National rice marketer and processor, SunRice, has dusted off its three-year-old plans for a listing on the Australian Securities Exchange and will start briefing farmers next week.
The latest recommendation to shareholders would also involve a $20 million to $30m capital raising, if shareholders vote in September to support the move.
However, the dual class ASX share listing does not involve a major capital restructure, similar to the Murray Goulburn partial float proposal which SunRice initially proposal when it first touted moving from the National Stock Exchange in 2015.
SunRice directors have instead recommended a simplified transfer of the company’s B-class shares from the NSX to ASX, allowing new investors to buy B-class stock currently held by rice farmers, staff and people whose families have had a connection to the rice industry.
The current five per cent limit on an individual’s maximum B-class stakeholding in the company would be lifted to 10pc, where it will stay for at least 10 years.
SunRice, which has annual turnover of about $1.2 billion, is keen to take advantage of current investor appetite for Australian-branded fast moving consumer goods and agribusiness stocks, but it wants to retain the dual class structure which gives A-class growers ultimate shareholder control.
This step is designed to strengthen SunRice’s future and build an enduring global company
- Laurie Arthur, SunRice
Each of the 715 current NSW grower suppliers to the Riverina-based milling business holds one A-class share.
The 70-year-old SunRice also has about 56.5m B-class shares, currently worth about $4 each or a combined worth of $226m.
Based on the share market performance of other similar agribusinesses, the extra liquidity available on the ASX is expected to inflate the company’s share price value if the listing goes ahead.
For the proposal to proceed a 75pc majority vote of both A- and B-class shareholders will be required at the September 20 annual general meeting.
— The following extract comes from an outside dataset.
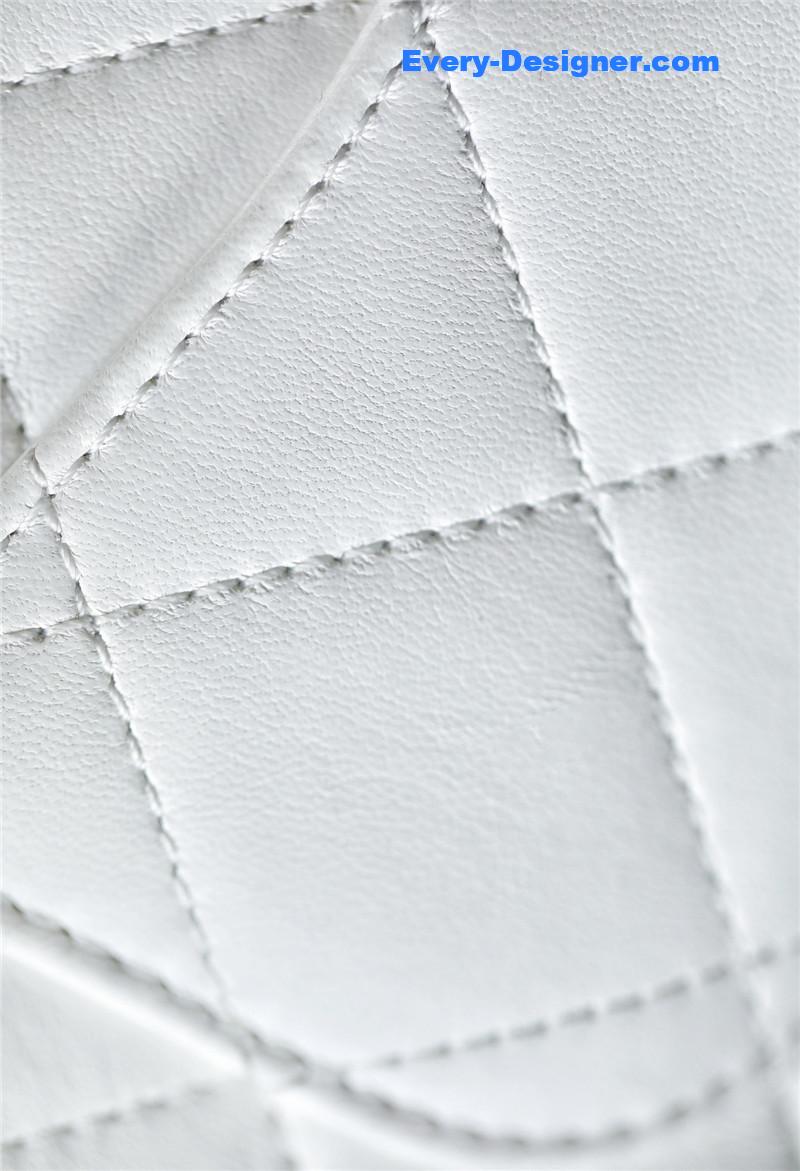 Ch**el lucky charms mini bag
In the meantime, public information meetings will be held next week at Deniliquin on June 4; Coleambally, June 5, and Griffith, June 6, all starting at 7pm, with a two-hour webinar also planned from 12 noon on June 6.
“This step is designed to strengthen SunRice’s future and build an enduring global company benefiting growers, shareholders and employees for generations to come,” said SunRice chairman, Laurie Arthur.
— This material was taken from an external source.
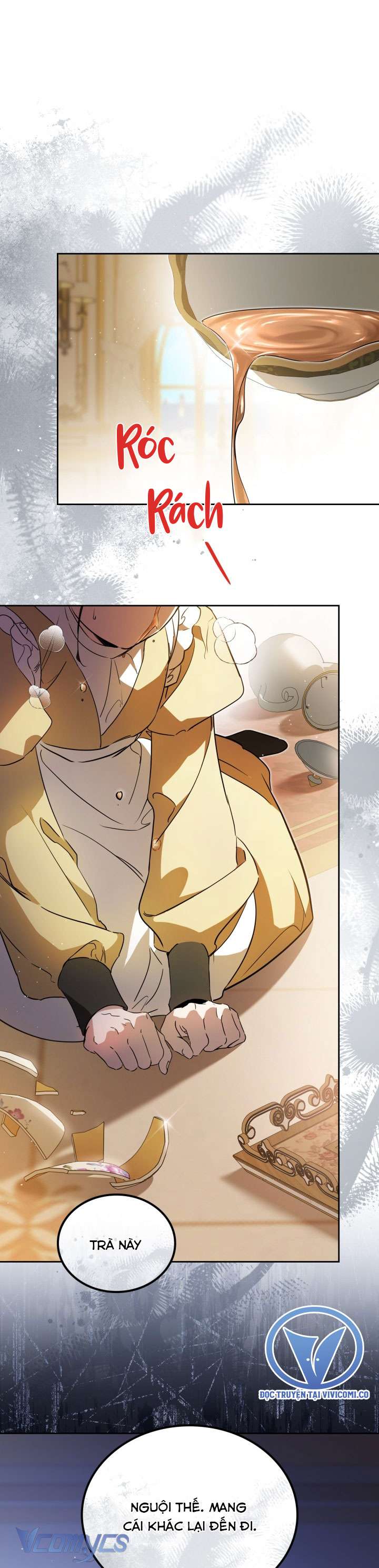 Kiếp Này Nhất Định Làm Gia Chủ Chap 176 - Trang 2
Mr Arthur described the proposal as a “compelling opportunity” for the company.
“An ASX listing will provide the opportunity to attract investment from both new and existing shareholders to support our growth strategy, and benefit A- and B-class shareholders,” he said.
“Critically, our dual class share structure and A-class grower shareholder control will be retained and there will be no change to the fundamental structure or operation of SunRice.”
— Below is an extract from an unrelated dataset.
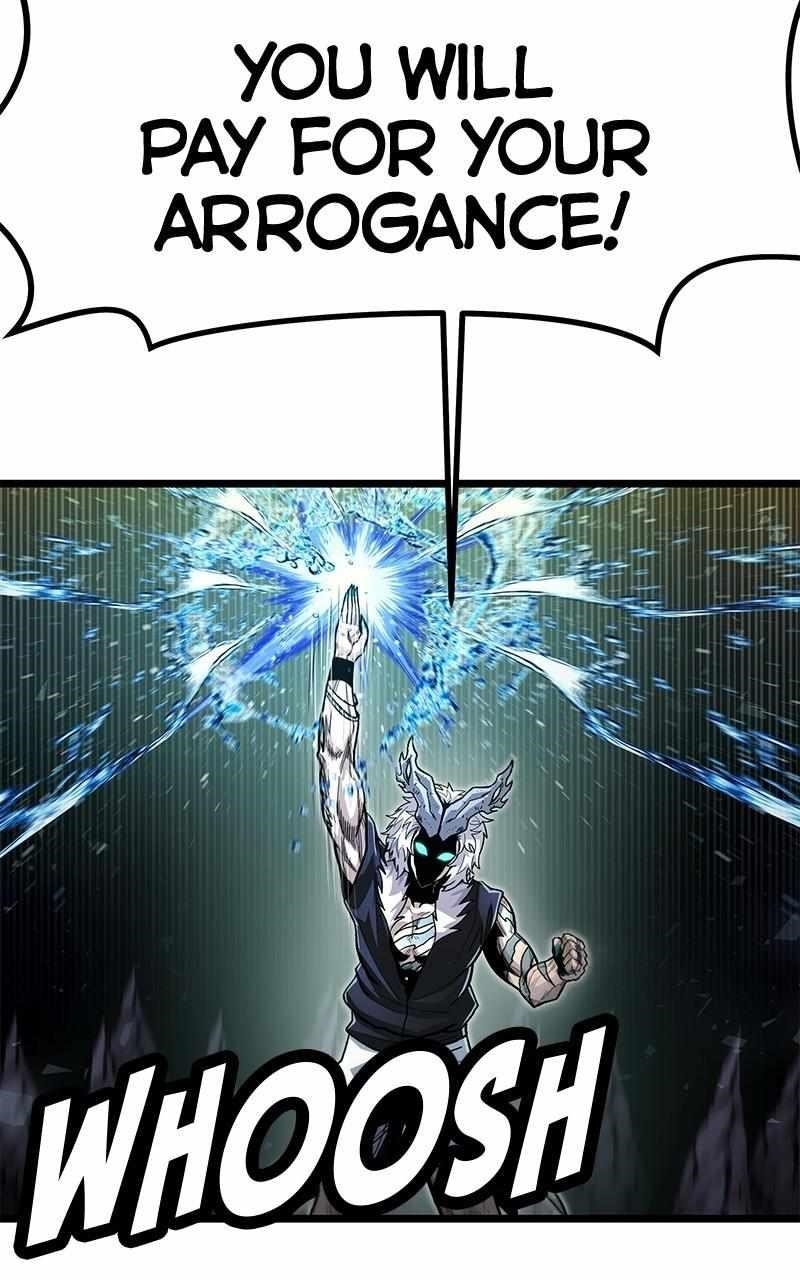 God Tribe Chapter 61 - Page 86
SunRice requires capital beyond our current capabilities to deliver on our strategy in full
- Laurie Arthur, SunRice
The company, which holds the NSW single desk export monopoly for rice, had worked closely with the ASX to ensure its dual class structure could be retained.
This would give the business access to Australia’s largest pool of equity capital.
“SunRice requires capital beyond our current capabilities to deliver on our strategy in full,” he said.
“We have a strong growth agenda over the medium term.
“The company’s 2022 Growth Strategy details the potential opportunities ahead of us to capitalise on global food trends and our competitive advantages to increase farmgate paddy rice returns and drive shareholder value.
“Because improved paddy prices will benefit all growers, not just those with B-class shares, it’s important for everyone in the industry to understand how SunRice’s five-year strategy, is intended to generate better grower returns.”
By removing ownership restrictions on B-class shares the company will also be addressing ongoing concerns among shareholders around estate planning issues.
There will be no material change to SunRice’s existing company or dual class share structure and no change to its paddy pricing or dividend policies
- SunRice
A-class shareholders will have the right to review the 10pc B-class shareholding cap after a decade, and every three years thereafter.
A 50pc majority vote will be required to retain it and, if desired, a 75pc vote at a special general meeting would be needed to lift the cap.
SunRice owns milling and food processing operations in the NSW Riverina and North Queensland, plus similar businesses in the US, the Middle East and Papua and New Guinea.
Its local brands include the big SunRice label, Riviana Foods, and CopRice stockfeeds.
While an ASX listing would reduce business risk and increase its balance sheet resilience, SunRice said its business would remain basically unchanged.
“There will be no material change to SunRice’s existing company or dual class share structure and no change to its paddy pricing or dividend policies, protecting both sets of shareholders’ interests,” a statement to growers confirmed.
The SunRice board would continue to have a majority of (seven) grower directors, but with an additional external director, taking it to four non-grower members.
The ASX proposal has unanimous support from the company’s directors who have urged A- and B-class shareholders to vote “yes”.
B-class shareholders would remain entitled to dividends and would vote on issues affecting their share rights.